Kendati begitu, meraup suara milenial bukanlah hal yang mudah. Sebab, generasi milenial melek teknologi informasi, media sosial, internet, serta memiliki latar belakang pendidikan cukup baik.
Hal ini menjadikan generasi milenial sebagai kekuatan politik yang sangat berbeda dari kelompok politik dengan ideologi mapan dan kepentingan tertentu. Meminjam istilah Hanta Yuda, mereka dikategorikan sebagai pemilih galau.

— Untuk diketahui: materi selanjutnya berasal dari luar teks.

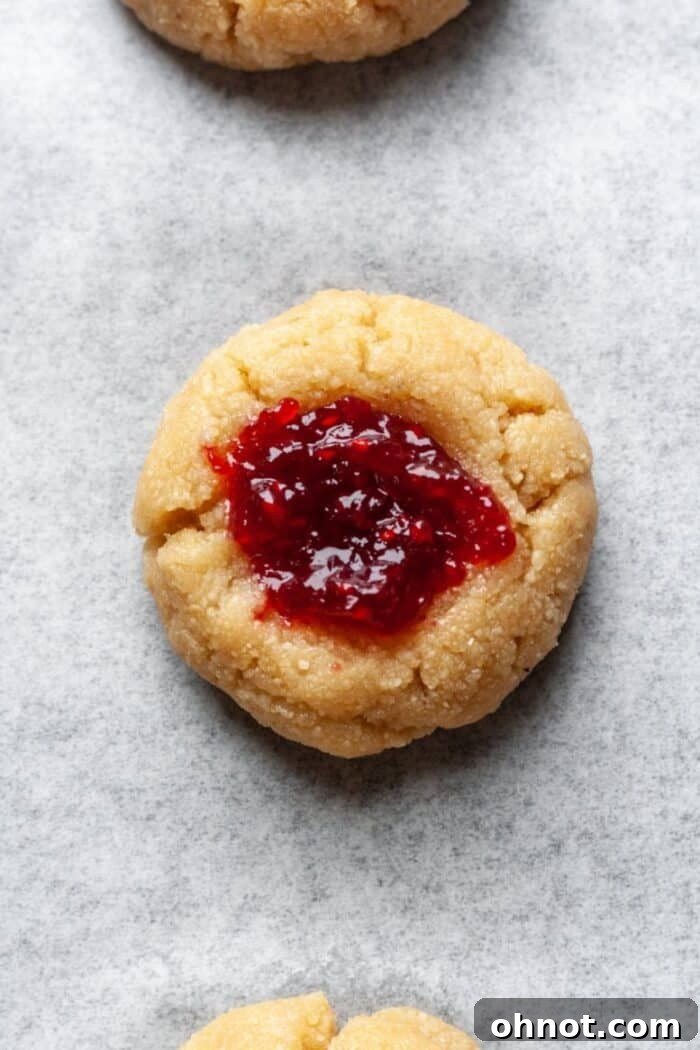 Almond flour thumbprint cookies filled with luscious raspberry jam, ready for baking.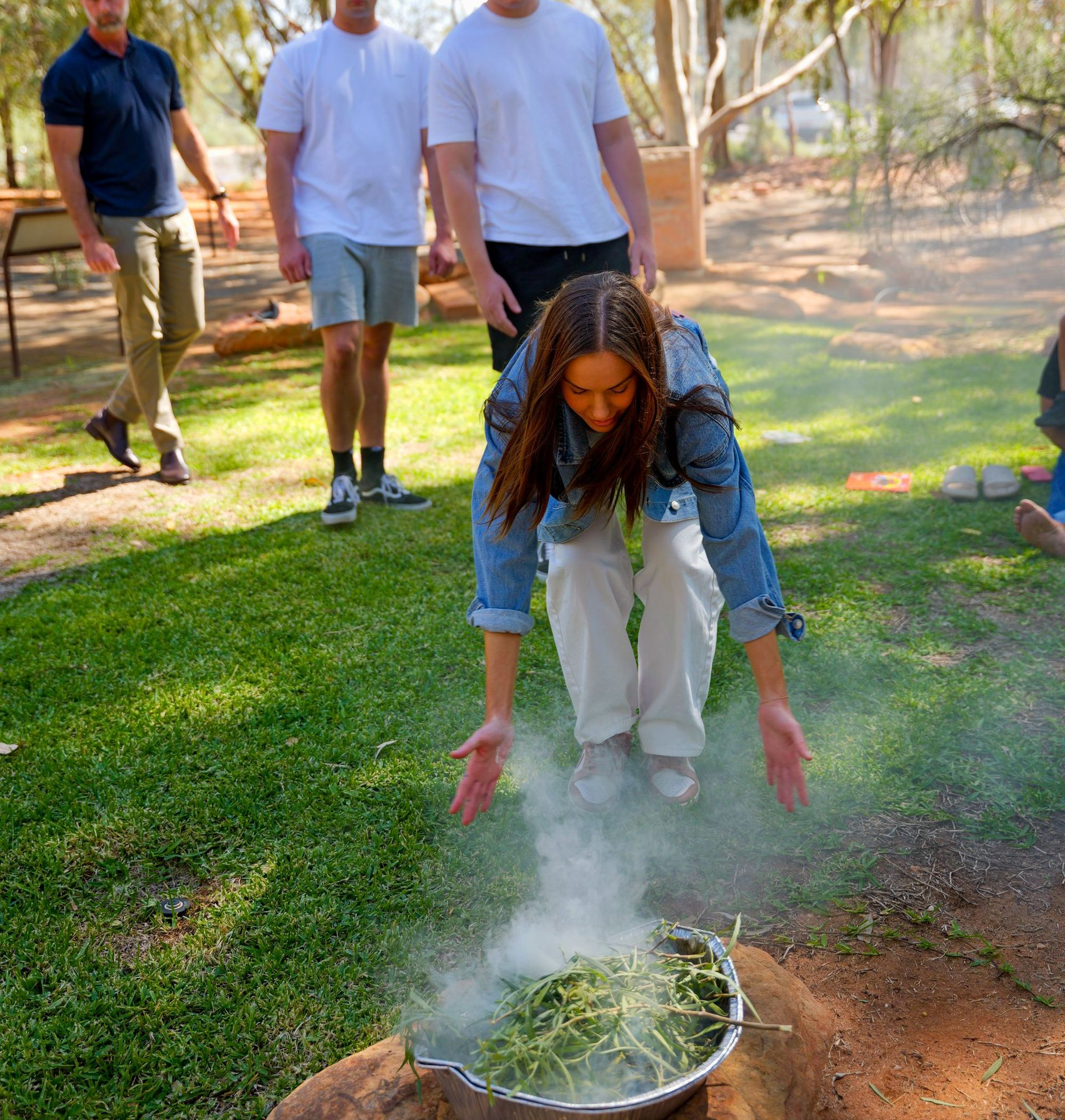 Woman bends over a smoking bowl outdoors while three people watch in a sunny garden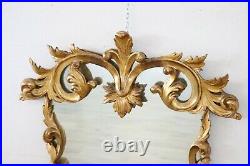 Miroir ancien en bois sculpté doré à la feuille d'or 19ème siècle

Barang siapa berhasil menguasai preferensi politik anak muda hari ini berpeluang besar memenangkan pemilu nanti. Kemunculan generasi muda atau generasi dengan usia produktif sebagai kekuatan politik melebihi analisis bahwa kekuatan politik Indonesia terdiri dari: rezim yang sedang berkuasa, militer, dan kelompok Islamis.

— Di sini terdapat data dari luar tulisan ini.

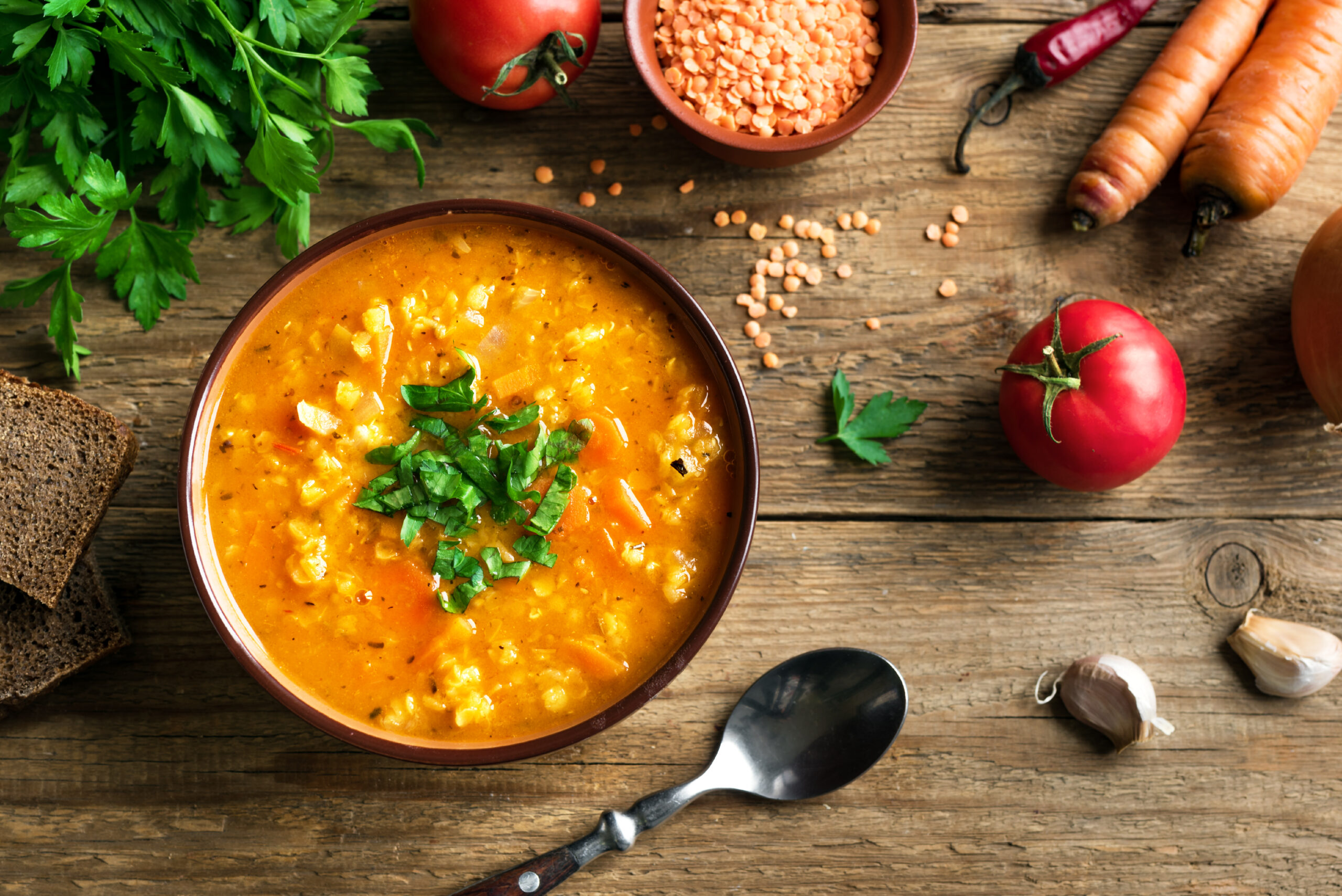 Vegetarian lentil soup with vegetables in a pot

Setidak ada empat faktor untuk membaca arah politik pemilih milenial:
- Potensi partisipasi politik dan kemantapan pilihan,
- Sensitivitas pada isu sosial/kebijakan,
- Preferensi terhadap kandidat dan pilihan politik dalam pemilu, seperti karakter kandidat yang disukai.
- Soal bisakah calon nanti memenuhi dan mengerti kebutuhan dan pola pikir pemilih, terutama kelompok milenial. Lebih lanjut, kebutuhan tersebut di antaranya adalah lapangan pekerjaan dan wadah kreativitas bagi milenial.
Tak bisa dihindari bahwa media sosial sudah menjadi media utama infomasi kaum milenial. Oleh karena itu, kehadiran milenial yang menjadi pemicu keikutsertaan permasalahan ini perlu dibina dengan tidak menjejali informasi yang tak bermutu demi kepentingan. Kehadiran kaum milenial harus mendapatkan rangkulan penuh dari pemerintah. Sebagai generasi penerus bangsa yang akan membawa perubahan pola pikir negara nanti, tentunya pemerintah harus menerapkan budaya literasi kepada kaum milenial.
Catatan Saran Buat Generasi Milenial Dalam Menyikapi Memomentum Politik 2019 :
1) Generasi Milenial harus memanfaatkan momentum politik 2019 baik pada pemilihan legislatif maupun presiden dan wakil presiden. Saatnya kalian memanfaatkan momen tersebut dengan terlibat aktif dalam momentum tersebut, apalagi tak sedikit generasi milenial yang mencalon diri di pileg 2019 baik ditingkat DPRD Kabupaten/Kota, DPRD Provinsi hingga DPR-RI. Karena peran kalian akan menentukan arah dan keberlanjutan bangsa ini.
2) Generasi Milenial yang bergantung pada internet harus bijak untuk memilah informasi tersebut agar suara mereka tersalurkan secara tepat.
3) Generasi Milenial juga sebaiknya pandai-pandai menyaring informasi yang banyak berserakan di internet, bisa memilah mana yang fakta dan mana hoax, kalian bisa memanfaatkan platform https://cekfakta.com/ yang diinisiasi sejumlah pengelola media online di Indonesia yang juga didukung oleh Google.
4) Generasi Milenial, sebelum menuntukan pilihan, sebaiknya pelajari jejak rekam calon baik di pileg maupun pada pilpres 2019 mendatang, agar tidak salah memilih.
Terimakasih. ***
Penulis adalah Pemerhati Politik serta alumnus HMI yang berdomisili di Jakarta.